[PROVIDED ENTRIES — start]

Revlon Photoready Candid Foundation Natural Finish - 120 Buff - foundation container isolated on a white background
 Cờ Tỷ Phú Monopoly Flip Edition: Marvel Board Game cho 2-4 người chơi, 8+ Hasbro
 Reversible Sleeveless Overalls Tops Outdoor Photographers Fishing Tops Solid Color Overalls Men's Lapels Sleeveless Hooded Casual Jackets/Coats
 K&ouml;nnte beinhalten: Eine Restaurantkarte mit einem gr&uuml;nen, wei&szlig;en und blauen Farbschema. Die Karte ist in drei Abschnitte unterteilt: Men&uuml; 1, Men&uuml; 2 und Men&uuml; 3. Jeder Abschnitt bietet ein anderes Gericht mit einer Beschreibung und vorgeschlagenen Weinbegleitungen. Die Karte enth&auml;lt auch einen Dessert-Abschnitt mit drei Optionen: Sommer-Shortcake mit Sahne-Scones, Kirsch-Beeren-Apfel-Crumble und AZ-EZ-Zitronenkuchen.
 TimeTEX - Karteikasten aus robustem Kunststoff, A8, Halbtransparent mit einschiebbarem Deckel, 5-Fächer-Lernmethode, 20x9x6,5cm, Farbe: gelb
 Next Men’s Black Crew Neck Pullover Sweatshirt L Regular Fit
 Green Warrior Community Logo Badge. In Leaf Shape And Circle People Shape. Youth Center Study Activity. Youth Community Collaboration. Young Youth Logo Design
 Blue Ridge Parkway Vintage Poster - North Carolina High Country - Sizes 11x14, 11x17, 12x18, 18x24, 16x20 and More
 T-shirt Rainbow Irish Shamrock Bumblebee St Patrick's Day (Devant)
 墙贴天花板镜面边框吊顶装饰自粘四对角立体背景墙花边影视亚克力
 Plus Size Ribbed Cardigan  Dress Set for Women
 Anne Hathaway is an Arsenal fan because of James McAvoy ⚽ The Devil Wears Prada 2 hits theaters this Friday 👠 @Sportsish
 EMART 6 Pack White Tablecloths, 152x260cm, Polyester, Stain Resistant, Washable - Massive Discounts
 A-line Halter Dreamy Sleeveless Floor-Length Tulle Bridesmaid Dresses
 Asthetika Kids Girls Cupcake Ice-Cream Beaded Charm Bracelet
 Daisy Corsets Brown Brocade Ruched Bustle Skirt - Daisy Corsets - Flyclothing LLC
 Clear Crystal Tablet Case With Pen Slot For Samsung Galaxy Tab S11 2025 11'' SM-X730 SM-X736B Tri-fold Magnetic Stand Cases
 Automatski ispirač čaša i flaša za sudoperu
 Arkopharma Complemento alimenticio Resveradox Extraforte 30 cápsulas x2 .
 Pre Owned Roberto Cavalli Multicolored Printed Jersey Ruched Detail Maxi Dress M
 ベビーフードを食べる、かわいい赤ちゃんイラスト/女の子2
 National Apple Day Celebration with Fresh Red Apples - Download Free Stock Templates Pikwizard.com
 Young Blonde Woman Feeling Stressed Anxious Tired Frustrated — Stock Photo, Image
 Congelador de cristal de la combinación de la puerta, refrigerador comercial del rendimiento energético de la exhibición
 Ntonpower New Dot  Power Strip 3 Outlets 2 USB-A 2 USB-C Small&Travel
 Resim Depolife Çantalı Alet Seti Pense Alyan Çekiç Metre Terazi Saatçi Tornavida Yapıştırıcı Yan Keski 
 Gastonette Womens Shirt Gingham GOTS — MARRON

[PROVIDED ENTRIES — finish]

[WHAT IS EXPECTED]: Take exactly the lines from the one containing "Clear Crystal Tablet" through the one containing "Young Blonde Woman" in the data above, and output them with nothing added.

[SOLUTION]:
 Clear Crystal Tablet Case With Pen Slot For Samsung Galaxy Tab S11 2025 11'' SM-X730 SM-X736B Tri-fold Magnetic Stand Cases
 Automatski ispirač čaša i flaša za sudoperu
 Arkopharma Complemento alimenticio Resveradox Extraforte 30 cápsulas x2 .
 Pre Owned Roberto Cavalli Multicolored Printed Jersey Ruched Detail Maxi Dress M
 ベビーフードを食べる、かわいい赤ちゃんイラスト/女の子2
 National Apple Day Celebration with Fresh Red Apples - Download Free Stock Templates Pikwizard.com
 Young Blonde Woman Feeling Stressed Anxious Tired Frustrated — Stock Photo, Image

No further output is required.